Although our research is well designed, here are some limitations. There was not an animal group that indicated developing inflammation and fibrosis on the 14th day of BLC administration. Having that group would have been better to indicate that MOL downgrades developed fibrosis. Also, especially TGF, which is an important pro-fibrotic mediator and pro-inflammatory cytokines such as TNF-α, IL-1, and IL-6 in BAL fluid have not been studied on. Another limiting aspect of this study is related to the agent (MOL) which was applied. Because MOL is an NO donor, levels of lung tissue NO and nitrite/nitrate, an index of NO production, must have been evaluated. However, some previous studies showed that NO are involved in the pathogenesis of pulmonary inflammation and fibrosis [4851]. In addition, in one of those studies [7], it has been shown that NO-synthesized inhibitor agent prevented pulmonary inflammation and fibrosis. Therefore, the presence of a group of the NO-synthesized inhibitor agent that was applied would be more rational.

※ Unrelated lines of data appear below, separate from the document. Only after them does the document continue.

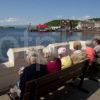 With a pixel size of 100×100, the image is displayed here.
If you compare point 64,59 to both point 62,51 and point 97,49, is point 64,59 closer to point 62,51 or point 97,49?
point 62,51

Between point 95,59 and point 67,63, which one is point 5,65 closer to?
point 67,63

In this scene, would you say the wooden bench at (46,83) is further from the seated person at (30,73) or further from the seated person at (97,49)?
the seated person at (97,49)

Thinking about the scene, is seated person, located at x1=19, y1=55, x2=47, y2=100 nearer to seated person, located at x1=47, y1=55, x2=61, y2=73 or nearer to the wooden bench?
the wooden bench

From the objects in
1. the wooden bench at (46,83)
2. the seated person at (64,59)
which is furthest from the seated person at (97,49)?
the wooden bench at (46,83)

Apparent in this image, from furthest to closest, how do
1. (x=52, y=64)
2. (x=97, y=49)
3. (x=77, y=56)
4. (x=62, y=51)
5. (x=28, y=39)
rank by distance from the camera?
(x=28, y=39) → (x=97, y=49) → (x=77, y=56) → (x=62, y=51) → (x=52, y=64)

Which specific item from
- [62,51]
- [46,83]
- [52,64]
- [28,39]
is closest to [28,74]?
[46,83]

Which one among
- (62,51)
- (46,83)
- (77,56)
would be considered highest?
(62,51)

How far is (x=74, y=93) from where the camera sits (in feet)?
19.1

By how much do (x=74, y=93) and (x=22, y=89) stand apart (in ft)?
5.66

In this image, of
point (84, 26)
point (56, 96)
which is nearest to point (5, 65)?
point (56, 96)

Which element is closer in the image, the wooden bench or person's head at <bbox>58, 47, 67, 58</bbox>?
the wooden bench

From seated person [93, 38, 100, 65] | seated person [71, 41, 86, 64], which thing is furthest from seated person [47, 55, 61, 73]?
seated person [93, 38, 100, 65]

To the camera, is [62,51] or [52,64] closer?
[52,64]

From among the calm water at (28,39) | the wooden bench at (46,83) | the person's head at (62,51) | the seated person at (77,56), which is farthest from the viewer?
the calm water at (28,39) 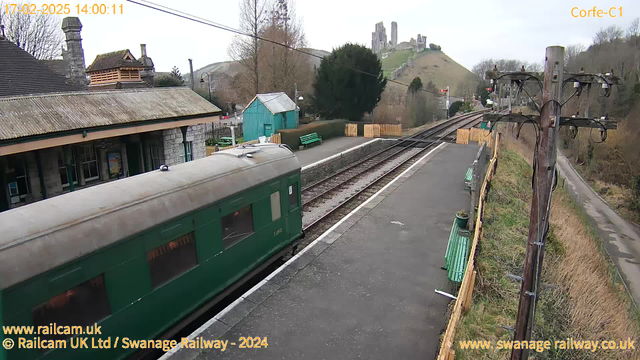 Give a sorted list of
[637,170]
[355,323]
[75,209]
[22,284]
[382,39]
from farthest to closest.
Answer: [382,39]
[637,170]
[355,323]
[75,209]
[22,284]

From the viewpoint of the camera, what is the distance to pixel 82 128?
35.4ft

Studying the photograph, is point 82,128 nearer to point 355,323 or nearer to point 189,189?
point 189,189

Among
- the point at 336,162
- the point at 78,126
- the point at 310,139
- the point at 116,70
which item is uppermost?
the point at 116,70

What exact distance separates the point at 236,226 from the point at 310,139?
19.4m

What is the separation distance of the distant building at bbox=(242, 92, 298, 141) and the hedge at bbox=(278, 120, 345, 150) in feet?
4.07

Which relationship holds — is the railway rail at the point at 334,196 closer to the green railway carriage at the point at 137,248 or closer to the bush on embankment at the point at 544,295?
the green railway carriage at the point at 137,248

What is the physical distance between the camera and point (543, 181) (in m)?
4.54

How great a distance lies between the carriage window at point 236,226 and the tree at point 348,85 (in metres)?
26.6

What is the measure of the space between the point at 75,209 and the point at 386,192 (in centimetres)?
1116

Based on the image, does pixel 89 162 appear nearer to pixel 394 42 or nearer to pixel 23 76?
pixel 23 76

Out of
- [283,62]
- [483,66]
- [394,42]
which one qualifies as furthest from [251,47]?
[394,42]

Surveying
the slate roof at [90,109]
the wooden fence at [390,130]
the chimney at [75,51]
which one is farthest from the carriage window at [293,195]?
the wooden fence at [390,130]

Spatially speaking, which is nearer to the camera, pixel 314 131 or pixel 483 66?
pixel 314 131

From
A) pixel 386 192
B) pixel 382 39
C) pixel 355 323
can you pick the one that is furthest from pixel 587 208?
pixel 382 39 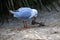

In conclusion, findings of the present study showed for the first time that MOL, with its potent free radical scavenging, antioxidant, anti-inflammatory, and anti-fibrotic properties, seems to be a highly promising agent not only in preventing but also in treatment BLC-induced lung inflammation and fibrosis. However, further studies are required to evaluate the role of different doses of MOL in the prevention and the treatment of lung fibrosis. After clinical and experimental trials, including different treatment dosages, MOL, which was widely used as antianginal agent and have no important side-effects, could be considered in the treatment of IPF in the future.